> [TASK BRIEF]:
Go to the line below containing "an assortment of" and print exactly from there through the line containing "BloodRoot corkscrew opening bottle of wine", both included. Print nothing else.

> [INPUT]:
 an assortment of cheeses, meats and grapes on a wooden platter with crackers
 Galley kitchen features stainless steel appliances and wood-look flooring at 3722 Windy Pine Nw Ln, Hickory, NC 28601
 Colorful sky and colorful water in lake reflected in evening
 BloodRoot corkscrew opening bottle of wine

---

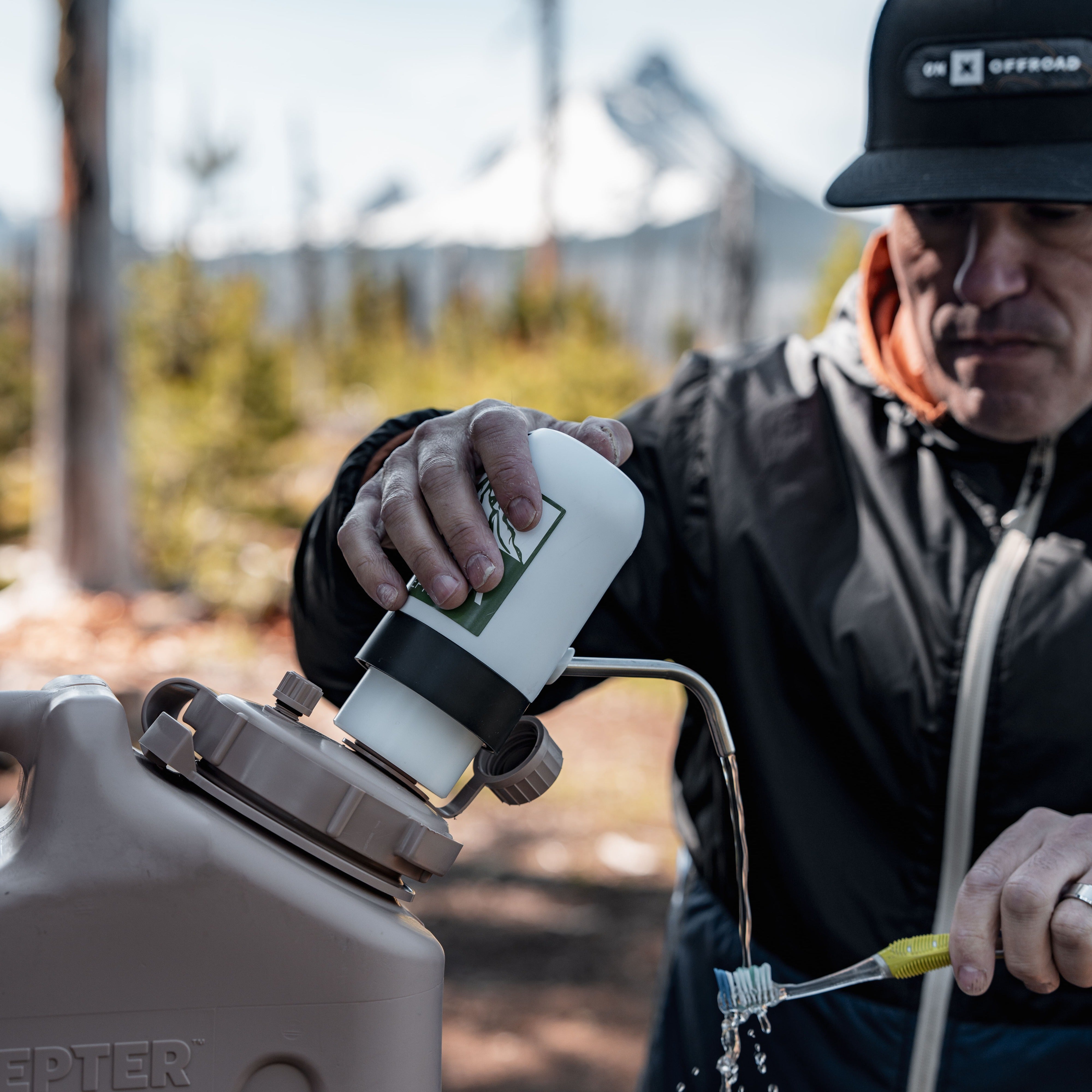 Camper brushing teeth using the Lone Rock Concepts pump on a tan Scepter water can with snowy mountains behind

--

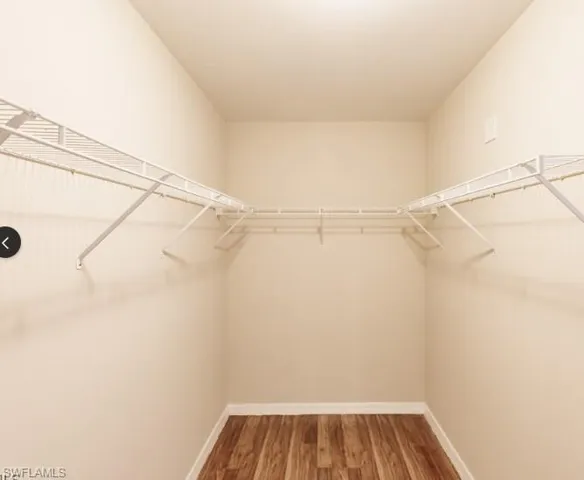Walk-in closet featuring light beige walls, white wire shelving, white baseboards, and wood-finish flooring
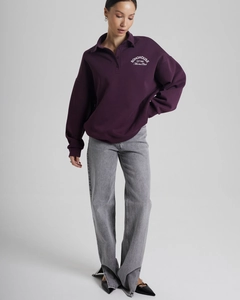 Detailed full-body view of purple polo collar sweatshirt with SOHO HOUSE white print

> [RESULT]:
 an assortment of cheeses, meats and grapes on a wooden platter with crackers
 Galley kitchen features stainless steel appliances and wood-look flooring at 3722 Windy Pine Nw Ln, Hickory, NC 28601
 Colorful sky and colorful water in lake reflected in evening
 BloodRoot corkscrew opening bottle of wine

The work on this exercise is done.